[Assignment] What lines below contain the string "Вход"? List them all.

[Data supplied]
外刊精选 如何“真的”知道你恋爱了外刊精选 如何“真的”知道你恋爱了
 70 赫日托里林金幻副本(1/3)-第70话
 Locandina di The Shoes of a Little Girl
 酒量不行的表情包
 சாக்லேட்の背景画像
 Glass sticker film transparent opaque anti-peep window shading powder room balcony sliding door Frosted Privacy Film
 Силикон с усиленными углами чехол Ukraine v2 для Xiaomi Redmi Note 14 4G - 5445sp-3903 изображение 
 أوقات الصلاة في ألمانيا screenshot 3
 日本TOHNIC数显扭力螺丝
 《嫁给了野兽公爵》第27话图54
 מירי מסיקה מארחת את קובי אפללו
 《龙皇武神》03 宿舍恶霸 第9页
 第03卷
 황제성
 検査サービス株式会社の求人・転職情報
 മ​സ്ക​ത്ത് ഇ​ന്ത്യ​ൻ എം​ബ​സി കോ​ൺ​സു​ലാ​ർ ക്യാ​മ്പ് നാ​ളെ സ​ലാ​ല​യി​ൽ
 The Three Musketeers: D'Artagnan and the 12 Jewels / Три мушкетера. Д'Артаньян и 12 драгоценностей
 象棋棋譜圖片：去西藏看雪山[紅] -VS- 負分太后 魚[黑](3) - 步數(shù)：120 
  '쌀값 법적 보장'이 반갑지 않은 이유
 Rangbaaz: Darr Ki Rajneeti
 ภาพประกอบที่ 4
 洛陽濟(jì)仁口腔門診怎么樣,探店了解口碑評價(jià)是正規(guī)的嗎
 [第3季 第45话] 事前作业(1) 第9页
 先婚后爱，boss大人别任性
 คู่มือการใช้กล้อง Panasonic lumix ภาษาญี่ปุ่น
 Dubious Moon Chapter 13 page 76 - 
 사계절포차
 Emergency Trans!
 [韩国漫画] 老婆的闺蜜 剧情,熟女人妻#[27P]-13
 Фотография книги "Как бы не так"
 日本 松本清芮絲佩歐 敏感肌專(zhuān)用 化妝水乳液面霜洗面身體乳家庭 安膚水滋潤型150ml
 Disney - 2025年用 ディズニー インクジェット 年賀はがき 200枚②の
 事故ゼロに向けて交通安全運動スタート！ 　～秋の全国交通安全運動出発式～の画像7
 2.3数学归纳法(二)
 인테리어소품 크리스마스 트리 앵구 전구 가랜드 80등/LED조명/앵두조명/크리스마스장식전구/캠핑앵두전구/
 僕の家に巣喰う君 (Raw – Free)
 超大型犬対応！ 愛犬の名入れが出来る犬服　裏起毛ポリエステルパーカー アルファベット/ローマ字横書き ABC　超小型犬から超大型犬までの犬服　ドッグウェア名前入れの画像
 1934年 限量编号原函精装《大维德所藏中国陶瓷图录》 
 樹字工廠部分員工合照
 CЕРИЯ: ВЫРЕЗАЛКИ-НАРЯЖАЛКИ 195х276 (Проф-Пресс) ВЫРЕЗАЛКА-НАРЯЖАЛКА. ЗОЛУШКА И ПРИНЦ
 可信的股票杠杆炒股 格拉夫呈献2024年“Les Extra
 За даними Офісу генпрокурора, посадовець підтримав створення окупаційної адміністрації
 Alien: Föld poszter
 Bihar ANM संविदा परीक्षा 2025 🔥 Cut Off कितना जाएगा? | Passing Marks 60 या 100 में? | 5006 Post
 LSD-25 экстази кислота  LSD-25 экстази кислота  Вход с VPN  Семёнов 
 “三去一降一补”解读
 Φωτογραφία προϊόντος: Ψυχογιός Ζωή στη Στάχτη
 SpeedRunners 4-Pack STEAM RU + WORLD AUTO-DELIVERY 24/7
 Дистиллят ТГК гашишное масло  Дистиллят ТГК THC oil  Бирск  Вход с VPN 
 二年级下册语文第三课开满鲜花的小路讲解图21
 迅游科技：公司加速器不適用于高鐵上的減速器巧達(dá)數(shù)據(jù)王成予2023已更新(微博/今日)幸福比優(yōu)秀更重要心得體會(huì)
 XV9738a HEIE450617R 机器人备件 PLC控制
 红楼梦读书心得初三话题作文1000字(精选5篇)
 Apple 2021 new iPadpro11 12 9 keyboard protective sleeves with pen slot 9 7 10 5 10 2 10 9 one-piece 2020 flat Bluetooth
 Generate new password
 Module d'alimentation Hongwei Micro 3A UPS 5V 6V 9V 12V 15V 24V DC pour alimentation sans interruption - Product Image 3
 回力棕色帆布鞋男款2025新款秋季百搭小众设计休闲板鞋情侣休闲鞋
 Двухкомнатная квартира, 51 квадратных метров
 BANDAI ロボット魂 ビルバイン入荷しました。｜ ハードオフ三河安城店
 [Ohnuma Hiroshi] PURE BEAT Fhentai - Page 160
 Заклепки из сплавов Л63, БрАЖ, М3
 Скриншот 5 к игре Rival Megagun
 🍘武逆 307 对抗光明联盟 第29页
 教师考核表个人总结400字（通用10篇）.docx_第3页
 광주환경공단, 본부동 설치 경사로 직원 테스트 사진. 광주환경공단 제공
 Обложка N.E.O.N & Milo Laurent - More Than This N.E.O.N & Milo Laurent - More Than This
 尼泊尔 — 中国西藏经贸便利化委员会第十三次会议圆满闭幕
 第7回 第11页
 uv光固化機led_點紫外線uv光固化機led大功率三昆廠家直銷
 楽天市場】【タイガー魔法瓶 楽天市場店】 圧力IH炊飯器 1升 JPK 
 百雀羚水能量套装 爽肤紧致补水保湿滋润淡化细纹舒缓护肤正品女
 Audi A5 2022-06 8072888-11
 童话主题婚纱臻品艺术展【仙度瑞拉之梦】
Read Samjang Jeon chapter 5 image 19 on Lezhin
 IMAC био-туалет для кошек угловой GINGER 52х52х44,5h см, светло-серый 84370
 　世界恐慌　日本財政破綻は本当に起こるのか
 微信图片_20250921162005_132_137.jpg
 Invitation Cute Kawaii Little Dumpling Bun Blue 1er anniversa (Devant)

[Written reply]
 LSD-25 экстази кислота  LSD-25 экстази кислота  Вход с VPN  Семёнов 
 Дистиллят ТГК гашишное масло  Дистиллят ТГК THC oil  Бирск  Вход с VPN 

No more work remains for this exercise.